LONDON - Scientists now have a molecular marker for the neural networks in the spinal cord that coordinate repetitive movements such as walking - and allows able-bodied people to run downstairs while thinking about something completely different.

The work, carried out in Sweden by molecular biologist Klas Kullander of Gothenburg University; AstraZeneca; neurophysiologist Ole Kiehn, of the department of neuroscience of the Karolinska Institute in Stockholm; and their colleagues showed that neurons bearing a particular tyrosine kinase receptor form part of the neural network in the spinal cord known as the central pattern generator.

This network issues instructions to the muscles of the limbs to carry out the complex movements needed for walking. It can be activated by electrical stimulation even in patients with spinal cord injury. Although scientists have described parts of the organization of the central pattern generator of other species, such as fish and frogs, the organization of the mammalian central pattern generator has until now remained elusive.

Kiehn told BioWorld International, "We are a very long way from having a cure for patients with spinal cord injury, but if we are ever going to come up with a treatment for these patients, we need to understand the machinery of the spinal cord and how the central pattern generator is organized and determined. The information from our study may allow us to find new ways of identifying specific drugs that can activate this network."

Kullander and Kiehn found that the receptor EphA4 was present on the neurons of the central pattern generator in mice. The molecule, and its ligand, called ephrinB3, is found in the developing mammalian brain. Both are known to play a role in guiding axons to their correct destinations during development.

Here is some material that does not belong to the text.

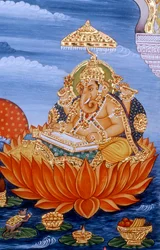 Lord Ganesh Ganpati Miniaturmalerei beim Schreiben der Schrift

An account of the study appears in the March 21, 2003, issue of Science in a paper titled "Role of EphA4 and EphrinB3 in Local Neuronal Circuits That Control Walking."

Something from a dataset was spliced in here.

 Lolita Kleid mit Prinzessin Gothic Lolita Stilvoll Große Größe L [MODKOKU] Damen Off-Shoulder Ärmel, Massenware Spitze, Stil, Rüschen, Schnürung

"This study is important because we have found the first molecular marker for the neurons in the central pattern generator in the mammalian spinal cord, and this has allowed us to define a group of neurons that we are sure is part of the central pattern generator," Kiehn said.

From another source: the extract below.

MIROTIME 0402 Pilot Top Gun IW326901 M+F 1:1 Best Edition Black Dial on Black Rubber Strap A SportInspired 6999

Kullander's group, and others, had already found that mice, in which the gene encoding the receptor EphA4 was knocked out, and those lacking the gene encoding its ligand, ephrinB3, could not walk normally. Instead of moving their hind legs alternately, these animals moved them synchronously, hopping rather like kangaroos, instead of walking.

To find out what was going on inside the spinal cord to account for this strange type of movement, Kullander enlisted the help of Kiehn, who has worked for more than 15 years on understanding the central pattern generator of the spinal cord in mammals.

Experiments carried out in Kiehn's laboratory, using isolated spinal cords from the knockout mice, showed that the hopping effect was not the result of signals from the brain, but was due to a reconfiguration of the neural network in the spinal cord.

Further studies of mice that lacked EphA4, which made it possible to trace the paths of individual neurons, showed that, unlike in wild-type mice, many axons crossed the midline of the spinal cord. Using immunohistochemistry, the authors showed that the cells that cross abnormally to the other side of the spinal cord are those that normally contain the EphA4 receptor. Those cells normally meet the ephrinB3 ligand in the midline. If the ligand is removed from the midline or the receptor is removed from the cells, then the cells cross over to the other side.

Writing in Science, the authors said, "We conclude that ephrinB3-induced EphA4 signaling repels some components of the mammalian spinal central pattern generator and restricts their axonal projections to one side of the spinal cord. We postulate that in the normal central pattern generator, ipsilateral neurons that express the EphA4 receptor are predominantly excitatory."

Kiehn, Kullander and colleagues are now carrying out intracellular recordings of the electrical activity of the EphA4-positive neurons, in order to try to determine in detail their precise function during locomotion. They are also generating new knockout mice lacking other genes that may encode proteins that are important in the central pattern generator.